I was one of the closest pethis(pronunciation: paythii; meaning - grand daughter) thaatha ever had. Next to Aishu, he liked me the most when it comes to studies and grasping things. given that we were the high scorers in our classes always. He points out Aishu to me for her calm composure, respect and sincerity. He used to tell me so much that I should do my IAS and become an IAS officer. I somehow could not do it for him; regret that I'm not sure if I can do it in the future also :( The other thing that I deeply regret about is that he passed away just before my 10th std public exam that which earned me districk rank! he admired me so much for my studies, but he couldn't stay back to see me winning the first laurel that I earned for my studies in life. Life is so unfair sometimes.
Even after he turned quite old, visiting Chidambaram and us was his favorite activity and he considered that was his foremost duty. He was very close to my mom, given that my dad did not so good at his business. He had felt bad several times to me that he got my mom married to an irresponsible person and that was the biggest mistake he had ever done in his life! I felt bad for thaatha, but I felt worse for appa :( Whenever he plans on outstation tours, he made sure he included me along with my cousins, but he never took money from mom for that whereas all my aunts used to give him. Madurai Meenakshi amman temple was one of the temples I definitely wanted to go and it was only because of him. Not sure otherwise if I would have got to go ever in life. The place that I liked most was the kumbakarai falls at theni that I visited with him. Thaatha had a customer by name 'Rammohan' who was working for Indian bank, theni branch. His house was so close to director Bharathiraja's house and all the 4 days when we stayed there we used to take a walk around that area. There was one old lady whom people claimed the director's mother and the same lady who acted in the movie 'karuthamma'.
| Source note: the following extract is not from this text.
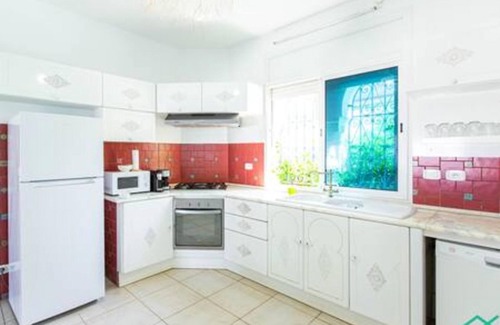 Rafraf House | Dar Barsha: Beachfront Bliss with Pool and Family Amenities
Mom feels bad that thaatha had seen us only suffering in life and when we could actually be doing good and better in life, he could not be there with us. She also consoles us and herself saying he is there with much more powers and much closer to God now!
As I mentioned, there is loads and loads to write about him. But I'm stopping it here for I'm not able to wait to read this blog post myself! I wanna see how it has come out!
Amidst those people who just take a few hours to forget the months old friendship in this materialistic world, my thaatha is one person who had taught all of us, me, amma, periyamma and everybody at home, what it takes to be bonded with people in this world. How important is it to love and care for people! Hope I do it atleast to the least bit of extent what he actually wanted me to! I miss you!

** - Puranam says that nadana sabai is where Natarajar and Parvathy had a competition (dance - to be specific bharatanatyam); Parthvathy lost, got angry and became kaali and went and sat at 'oor ellai' (extremity of the town) where they built another temple for her.